De omvang van de bank, het totaal van de bedrijvigheid was tot 1962 gering. Veel boeren haalden bijvoorbeeld het melkgeld op de dag van de betaalbaarstelling meteen weer van de bank. In 1961 en 1962 werden een eerste en een tweede administratieve hulp aangesteld. Tot die tijd deed kassier Jan van den Elsen alles in zijn eentje.

In 1962 trad Geert Pijnappels als kassier in dienst. De bankomvang bedroeg toen bijna vijf miljoen gulden. Het fenomeen van de ‘lopende rekening’ werd in die periode geïntroduceerd, de eerste vorm van giraal betalingsverkeer. In die tijd en nog lang daarna werkte men nog met spaarboekjes als het om spaargeld ging en met voorschot­boekjes als het over leningen ging.

In de zestiger jaren maakte de bank een stormachtige groei door. Voor het eerst werden ook niet-boeren lid en kreeg de bank een steeds algemener karakter. Het kantoor aan de Kapelaan­straat werd al snel te klein. Met een vooruitziende blik had men architect De Jong, die ook de Gerarduskerk onder zijn hoede had, een nieuw kantoor laten ontwerpen. In 1966 werd begonnen met de bouw van een nieuwe bank aan het Ridderplein, die in 1968 gereedkwam. Het bouwterrein was van de CAV ofwel de Boerenbond. Maar ook al moest de weegbrug, die op het bouwterrein lag, het veld ruimen, na stevig onderhandelen kwam het tot een overeen­komst tot voordeel van beide partijen.

Na de nieuwbouw is de bank tot volle bloei gekomen. Door een landelijke fusie van de Raiffeisenbanken met de Boerenleenbanken ging ook de Gemertse bank verder onder de naam ‘Rabobank’. Eind 1995 was het balanstotaal 271 miljoen gulden. Het aantal personeelsleden bedroeg toen  drieëndertig fulltime banen. De kassierstitel is door de personeels­groei vervangen door die van directeur. Eind 1995 kwam het directeurschap van Geert Pijnappels, die deze functie ruim drieëndertig jaar vervulde, in handen van Maarten van den Bosch die op krachtige wijze de bank leidde en door fusies –eerst binnen Gemert, later Gemert-Bakel, en uiteindelijk met de bank in Laarbeek – de eerste directeur werd van Rabobank Peel-Noord. Dit bleef hij tot zijn plotselinge overlijden 2 jaar geleden. Zijn opvolger is de huidige directeur Pieter Michielse.

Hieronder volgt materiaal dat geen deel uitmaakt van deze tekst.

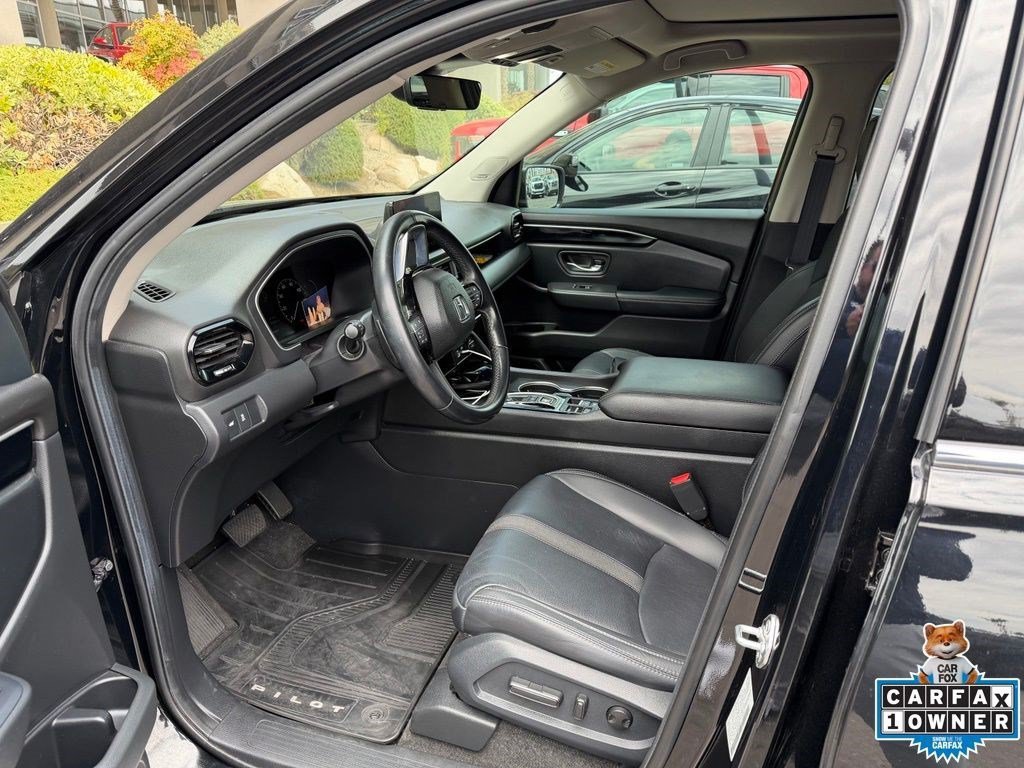 Used 2024 Honda Pilot Touring image 4
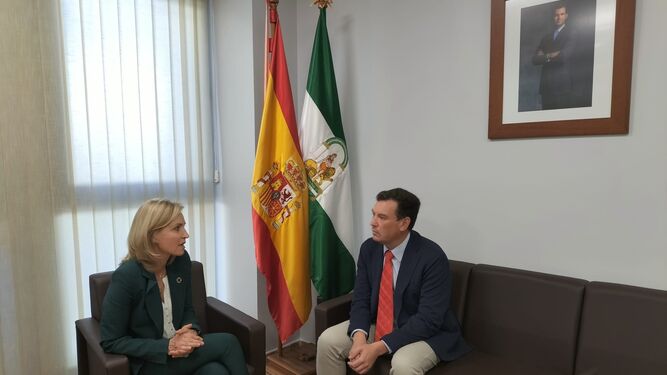 Encuentro institucional entre la subdelegada del Gobierno y el presidente del Puerto de Huelva.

Terugblikkend kan worden gezegd dat de bank een geweldige ontwikkeling heeft doorge­maakt. De ontwikkeling gaat in een ongekend tempo verder en al is de invloed van de NCB en zijn leden minder prominent in het bankgebeuren aanwezig, de plaatselijke betrok­kenheid is gebleven. De Rabobank is uitgegroeid tot de grootste bank in Gemert waarnaartoe de hele plaatselijke bevolking haar weg heeft gevonden.

1).  Zie ook:
Ad Otten, Anekdotisch Bankboek – Van halve cent tot Gemertse gulden, Gemert 2002.